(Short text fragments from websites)
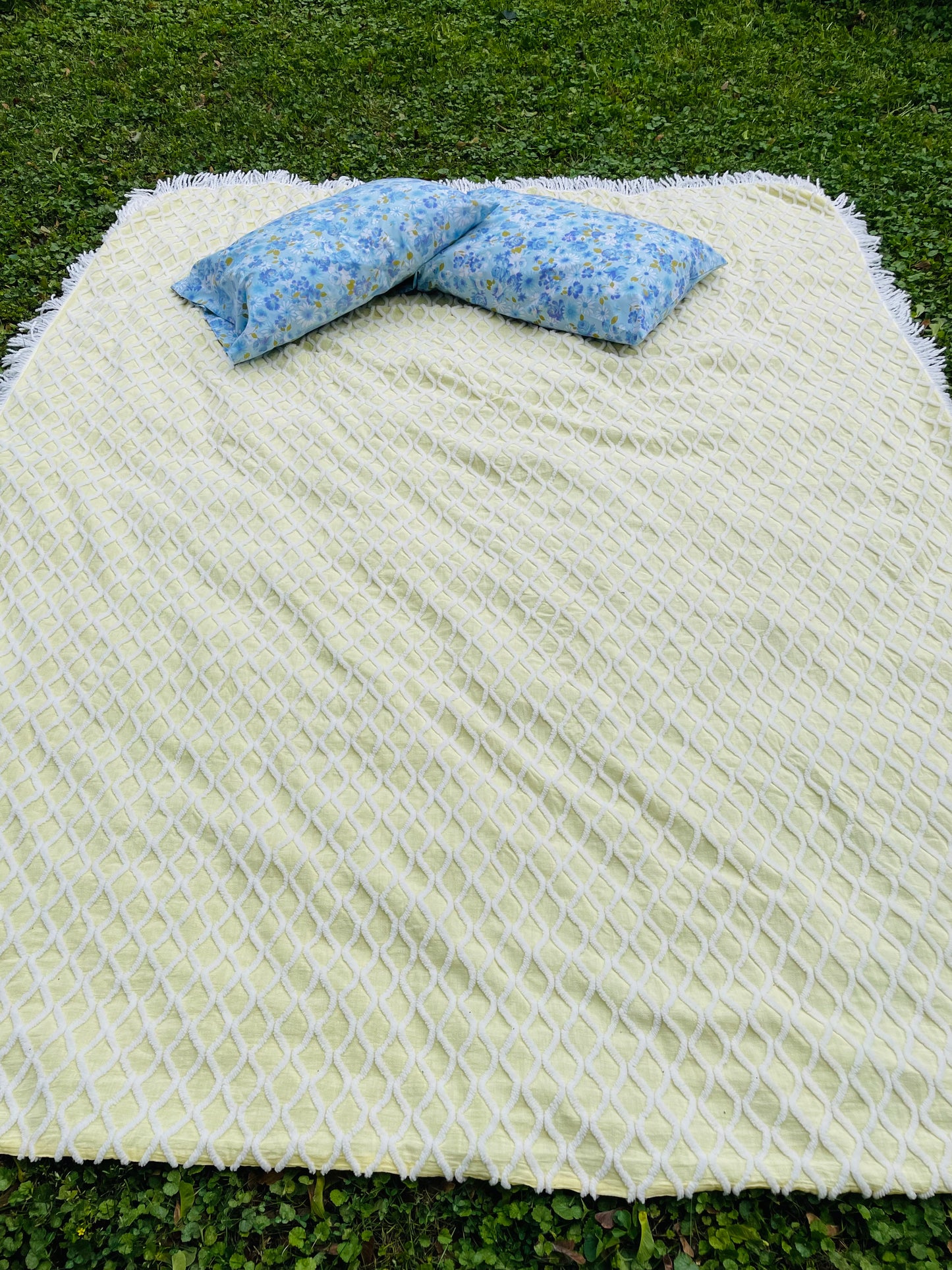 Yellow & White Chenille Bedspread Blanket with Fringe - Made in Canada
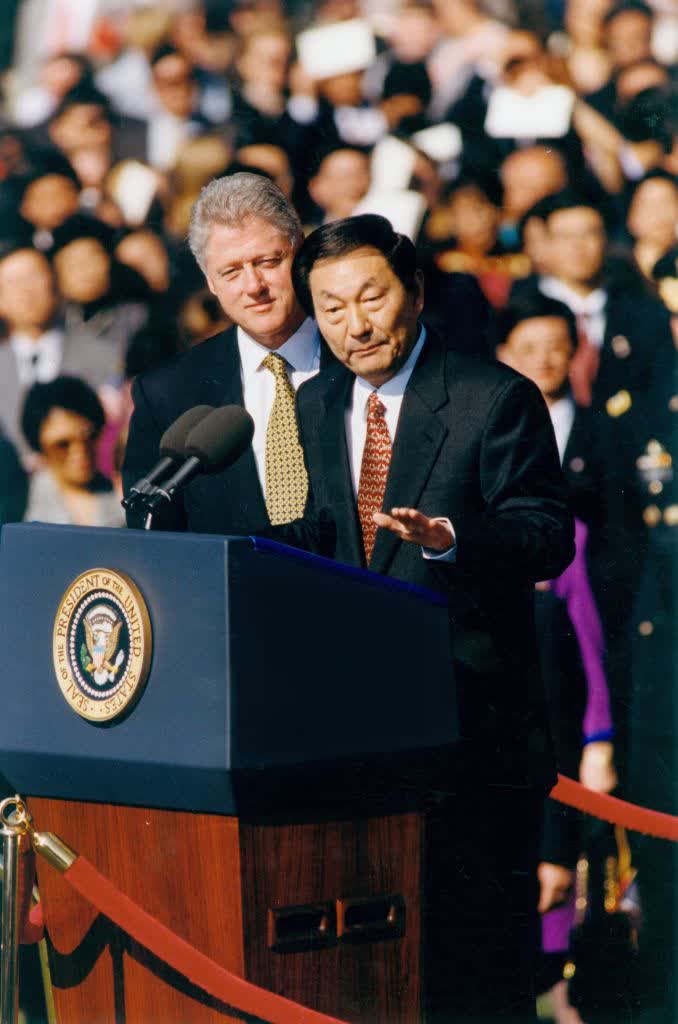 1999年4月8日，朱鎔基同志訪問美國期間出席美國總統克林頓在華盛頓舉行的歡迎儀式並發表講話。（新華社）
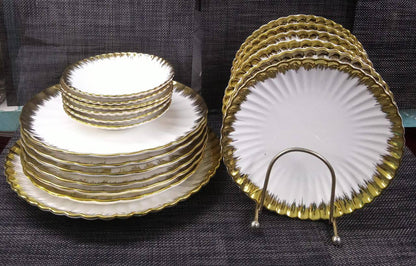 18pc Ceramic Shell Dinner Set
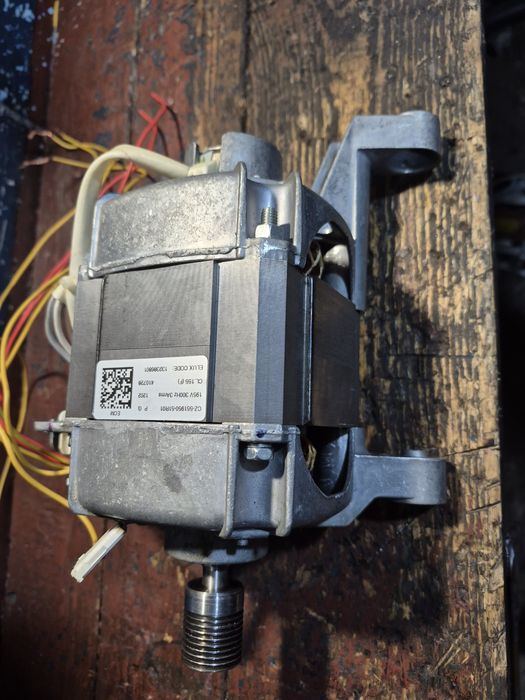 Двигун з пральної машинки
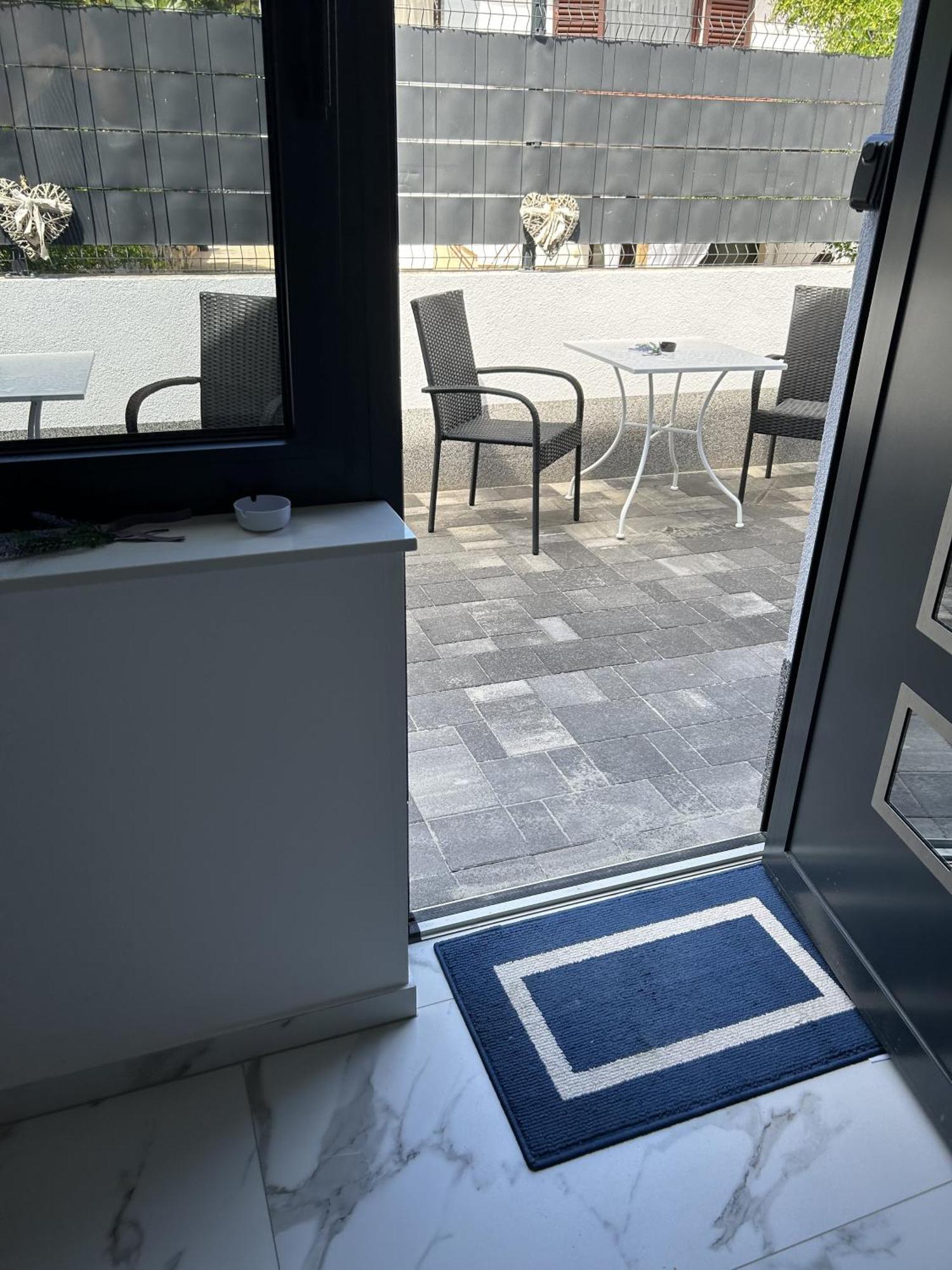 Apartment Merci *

> [WHAT NEEDS TO BE DONE]:
The result should be a word-for-word restatement of all the data, without images.

> [RESPONSE BELOW]:
 Yellow & White Chenille Bedspread Blanket with Fringe - Made in Canada
 1999年4月8日，朱鎔基同志訪問美國期間出席美國總統克林頓在華盛頓舉行的歡迎儀式並發表講話。（新華社）
 18pc Ceramic Shell Dinner Set
 Двигун з пральної машинки
 Apartment Merci *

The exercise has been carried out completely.